乾燥後、JIS K 5600付着性の試験方法に準拠し、脱イオン水中に500時間浸せき後にカッターナイフを用いて2mm幅の碁盤目を100個作製し、セロハンテープはく離試験を行い、以下の基準で目視判定した。
(判定基準)
○:塗膜表面に、異常なし
△:残存塗膜が95/100以上
×:残存塗膜が94/100以下
試験板として、素地調整程度がISO 8501−1 Sa2.5のグリッドブラスト処理鋼板(150×70×3.2mm)を用い、該試験板の片面に、エアスプレーを用いて、「ゼッタールOL」(大日本塗料株式会社製:JIS K 5552 1種 無機ジンクリッチプライマー)を乾燥膜厚が15〜20μmとなるように塗装し、24時間後に、塗料を乾燥膜厚が240μmになるように塗装して23℃及び50%相対湿度の条件にて7日間乾燥させ、試験片を作製した。乾燥後、上塗り適性と同様に、付着性試験(碁盤目試験)を行い、下塗り適性を同一基準にて評価した。
Claims (7)
- 環球法による軟化点が50℃〜170℃のエポキシ樹脂(a)、塗膜改質剤(b)及び中空粒子(c)を含んでなる主剤成分(A)であって、該主剤成分(A)中におけるエポキシ樹脂(a)の含有量が12〜60質量%であり、塗膜改質剤(b)の含有量が2〜15質量%であり、中空粒子(c)の含有量が0.4〜10.0質量%である主剤成分(A)と、硬化剤成分(B)とを少なくとも含み、主剤成分(A)と硬化剤成分(B)の質量比(A:B)が70:30〜92:8の範囲内にある塗料組成物であって、ずり速度0.1(1/s)における粘度が1.0〜500(Pa・s、23℃)であり、ずり速度1000(1/s)における粘度が0.010〜3.0(Pa・s、23℃)であることを特徴とする塗料組成物。

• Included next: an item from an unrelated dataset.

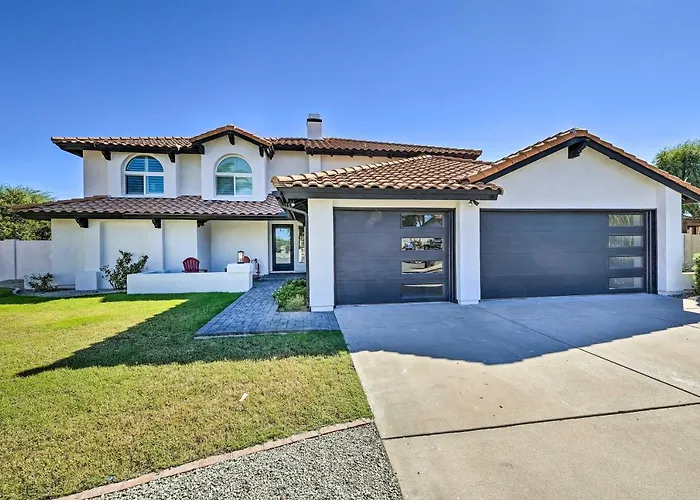 Putting Green, Game Room, Pool! Oasis *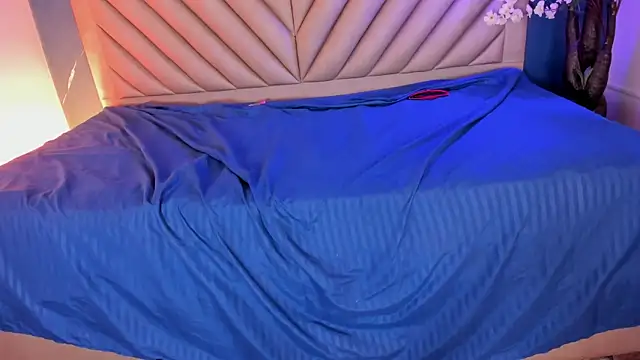 NaomiVelour webcam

- 前記硬化剤成分(B)に含まれる硬化剤が、脂肪族ポリアミン類、脂環族ポリアミン類、芳香族ポリアミン類、ポリアミドアミン類、並びに該脂肪族ポリアミン類、脂環族ポリアミン類、芳香族ポリアミン類及びポリアミドアミン類から選択されるポリアミンのエポキシ樹脂アダクト変性物よりなる群から選択される少なくとも1種であることを特徴とする請求項1に記載の塗料組成物。
- 前記中空粒子(c)が、ガラス、シリカ、アルミナ、ジルコニア、カーボン、セラミック及び火山性ガラス質よりなる群から選択される少なくとも1種の無機素材からなり、該無機素材は、50%粒子径が10〜80μm、真密度が0.2〜1.2g/cm3、耐圧強度が2〜200MPaであることを特徴とする請求項1又は2に記載の塗料組成物。
- 前記塗膜改質剤(b)が、石油樹脂、キシレン樹脂、クマロン樹脂及びテルペンフェノール樹脂よりなる群から選択される少なくとも1種の樹脂であることを特徴とする請求項1〜3のいずれか1項に記載の塗料組成物。
- 基材と、該基材表面に形成された塗膜とを備えており、該塗膜が、請求項1〜4のいずれか1項に記載の塗料組成物により得られたことを特徴とする塗装物。
- 基材と、該基材表面に形成された第1の塗膜と、該第1の塗膜表面に形成された第2の塗膜とを備えており、該第1の塗膜が、無機系結合剤及び亜鉛末を主成分として含むジンクリッチ塗料により得られ、該第2の塗膜が、請求項1〜4のいずれか1項に記載の塗料組成物により得られたことを特徴とする塗装物。
- 基材と、該基材表面に形成された第1の塗膜と、該第1の塗膜表面に形成された第2の塗膜とを備えており、該第1の塗膜が、請求項1〜4のいずれか1項に記載の塗料組成物により得られ、該第2の塗膜が、アクリル樹脂系塗料、ウレタン樹脂系塗料、塩素化ポリオレフィン系塗料、シリコーン樹脂系塗料、及びふっ素樹脂系塗料よりなる群から選択される少なくとも1種の水系又は有機溶剤系の塗料により得られたことを特徴とする塗装物。